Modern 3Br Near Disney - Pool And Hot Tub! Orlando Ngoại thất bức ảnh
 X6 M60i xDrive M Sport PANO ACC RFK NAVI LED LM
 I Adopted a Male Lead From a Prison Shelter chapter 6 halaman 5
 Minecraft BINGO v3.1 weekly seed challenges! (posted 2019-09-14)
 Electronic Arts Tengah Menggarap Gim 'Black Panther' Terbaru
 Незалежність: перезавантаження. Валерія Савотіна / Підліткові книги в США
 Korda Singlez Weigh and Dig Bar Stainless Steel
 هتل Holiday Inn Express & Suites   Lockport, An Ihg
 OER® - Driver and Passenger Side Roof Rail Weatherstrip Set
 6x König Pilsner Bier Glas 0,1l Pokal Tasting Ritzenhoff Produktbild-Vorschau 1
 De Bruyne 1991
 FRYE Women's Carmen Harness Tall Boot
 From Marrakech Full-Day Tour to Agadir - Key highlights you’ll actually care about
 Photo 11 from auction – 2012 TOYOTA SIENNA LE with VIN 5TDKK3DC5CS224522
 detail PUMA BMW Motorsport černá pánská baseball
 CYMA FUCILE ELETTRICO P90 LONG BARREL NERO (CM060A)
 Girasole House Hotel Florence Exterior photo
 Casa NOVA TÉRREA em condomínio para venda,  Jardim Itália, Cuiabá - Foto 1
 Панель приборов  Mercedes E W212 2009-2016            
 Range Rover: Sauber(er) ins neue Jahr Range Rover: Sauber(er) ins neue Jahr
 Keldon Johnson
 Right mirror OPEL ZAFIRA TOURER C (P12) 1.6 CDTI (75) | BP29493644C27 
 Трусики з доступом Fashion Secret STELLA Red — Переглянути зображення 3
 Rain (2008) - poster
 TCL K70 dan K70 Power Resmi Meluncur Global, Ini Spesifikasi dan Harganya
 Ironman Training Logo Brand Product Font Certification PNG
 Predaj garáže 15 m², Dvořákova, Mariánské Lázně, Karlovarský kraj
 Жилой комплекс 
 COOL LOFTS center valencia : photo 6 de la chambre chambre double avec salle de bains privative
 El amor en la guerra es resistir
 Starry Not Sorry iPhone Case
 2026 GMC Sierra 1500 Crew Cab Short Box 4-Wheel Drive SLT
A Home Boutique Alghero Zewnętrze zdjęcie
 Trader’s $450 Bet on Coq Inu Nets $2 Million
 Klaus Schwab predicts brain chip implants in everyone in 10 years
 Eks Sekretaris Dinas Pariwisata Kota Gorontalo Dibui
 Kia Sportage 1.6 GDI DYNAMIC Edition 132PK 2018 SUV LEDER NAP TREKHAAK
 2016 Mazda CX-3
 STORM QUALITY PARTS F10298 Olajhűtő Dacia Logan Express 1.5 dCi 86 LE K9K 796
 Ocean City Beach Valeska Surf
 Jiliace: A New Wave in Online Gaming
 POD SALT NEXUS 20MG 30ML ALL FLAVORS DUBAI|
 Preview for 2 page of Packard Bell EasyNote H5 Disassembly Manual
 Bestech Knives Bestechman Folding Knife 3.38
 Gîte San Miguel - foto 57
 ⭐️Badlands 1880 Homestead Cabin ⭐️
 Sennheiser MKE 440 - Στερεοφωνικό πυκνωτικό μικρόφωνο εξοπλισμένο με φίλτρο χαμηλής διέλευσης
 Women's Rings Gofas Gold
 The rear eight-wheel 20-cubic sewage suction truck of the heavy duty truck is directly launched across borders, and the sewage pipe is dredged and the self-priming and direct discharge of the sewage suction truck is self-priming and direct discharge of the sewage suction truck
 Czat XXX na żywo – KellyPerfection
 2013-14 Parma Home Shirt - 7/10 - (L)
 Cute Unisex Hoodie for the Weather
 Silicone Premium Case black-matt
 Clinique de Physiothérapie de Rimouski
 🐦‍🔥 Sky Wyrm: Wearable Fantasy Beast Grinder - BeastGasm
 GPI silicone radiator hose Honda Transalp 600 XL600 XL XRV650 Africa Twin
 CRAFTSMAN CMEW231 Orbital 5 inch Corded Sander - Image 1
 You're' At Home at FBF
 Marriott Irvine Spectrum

- - -

*ASSIGNMENT*:
Your answer should be the lines above, from the line containing "Трусики з доступом" up to and including the line containing "Ocean City Beach Valeska Surf", reproduced exactly and with nothing else.

*RESPONSE BELOW*:
 Трусики з доступом Fashion Secret STELLA Red — Переглянути зображення 3
 Rain (2008) - poster
 TCL K70 dan K70 Power Resmi Meluncur Global, Ini Spesifikasi dan Harganya
 Ironman Training Logo Brand Product Font Certification PNG
 Predaj garáže 15 m², Dvořákova, Mariánské Lázně, Karlovarský kraj
 Жилой комплекс 
 COOL LOFTS center valencia : photo 6 de la chambre chambre double avec salle de bains privative
 El amor en la guerra es resistir
 Starry Not Sorry iPhone Case
 2026 GMC Sierra 1500 Crew Cab Short Box 4-Wheel Drive SLT
A Home Boutique Alghero Zewnętrze zdjęcie
 Trader’s $450 Bet on Coq Inu Nets $2 Million
 Klaus Schwab predicts brain chip implants in everyone in 10 years
 Eks Sekretaris Dinas Pariwisata Kota Gorontalo Dibui
 Kia Sportage 1.6 GDI DYNAMIC Edition 132PK 2018 SUV LEDER NAP TREKHAAK
 2016 Mazda CX-3
 STORM QUALITY PARTS F10298 Olajhűtő Dacia Logan Express 1.5 dCi 86 LE K9K 796
 Ocean City Beach Valeska Surf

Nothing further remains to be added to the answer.